In the past, books about a presidency were generally published only after it was over, leaving sources freer to talk and allowing greater historical perspective.
But, "as ever, Trump has sped everything up," Jon Meacham, the author of several best-selling political and historical books, told MSNBC. "It's almost as if we had a webcam" providing live coverage of events inside the White House.
Trump himself has, however unintentionally, helped promote these books -- all of which paint an apocalyptic picture of his administration -- by firing off highly critical Twitter messages about them.
"The Woodward book is a Joke," he tweeted shortly before "Fear" was published, "just another assault against me."
"I guess people want to see how bad it really is" in the White House, said Marianne Elliott, who is on a long waiting list at the New York public library to read "Fear."
Many opposition Democrats, though repelled by Trump, his politics and his blustering personality, have been eager to read anything they can find about him.
"They want more bad information, to make you feel better because you know he's terrible," Elliott said. "It's comforting."
While coming nowhere near the success of Woodward or Wolff, several books favorable to the president have also done well -- helped by Trump's endorsements.
"In our very divided society, people are feeling motivated by their political passion in deciding what books to read and buy," said Corn.
Trump's impact on the publishing world doesn't stop with the current best-sellers.

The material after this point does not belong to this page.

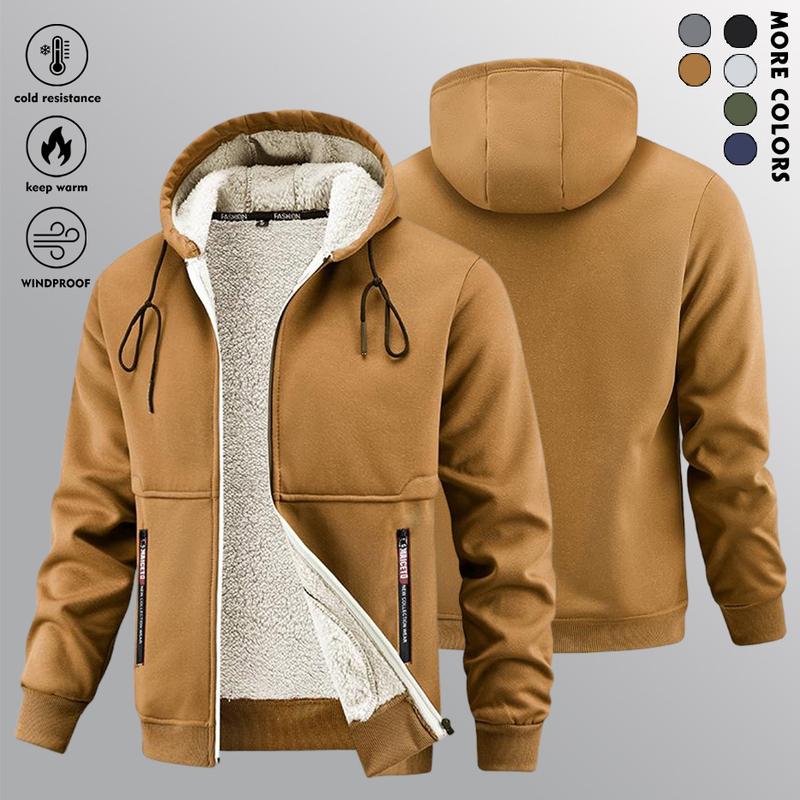 Men's fleece-lined zip-up jacket with hood, warm and cozy for winter weather, featuring pockets and soft fabric, perfect for gym, skiing, outdoor activities - machine washable cold weather apparel Casual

Books like "1984" and "Fahrenheit 451," portraying totalitarian regimes that manipulate people through disinformation and propaganda, have enjoyed newfound popularity.
Nor does the surging interest in political books seem close to peaking.
"The Fifth Risk" by Michael Lewis (author of "Liar's Poker" and "The Big Short"), "The Apprentice" by Washington Post journalist Greg Miller, and the Stormy Daniels book "Full Disclosure," about the adult film star's alleged sexual liaison with Trump, are all set to reach bookstores on Tuesday.
"One potential problem is that people get too accustomed to the outrages of the Trump administration," Corn said, "and therefore become less interested in books like these.
"But I don't see that happening any time soon."
Might Trump himself set a new sales record? The onetime real estate magnate, co-author of 1987's best-selling "The Art of the Deal," has already said he plans eventually to write "the real book" about his presidency.
Corn is not holding his breath.
"According to The Washington Post, Trump has made over 5,000 false statements as president. So I would not look forward to looking at any book of his as an accurate reflection of reality."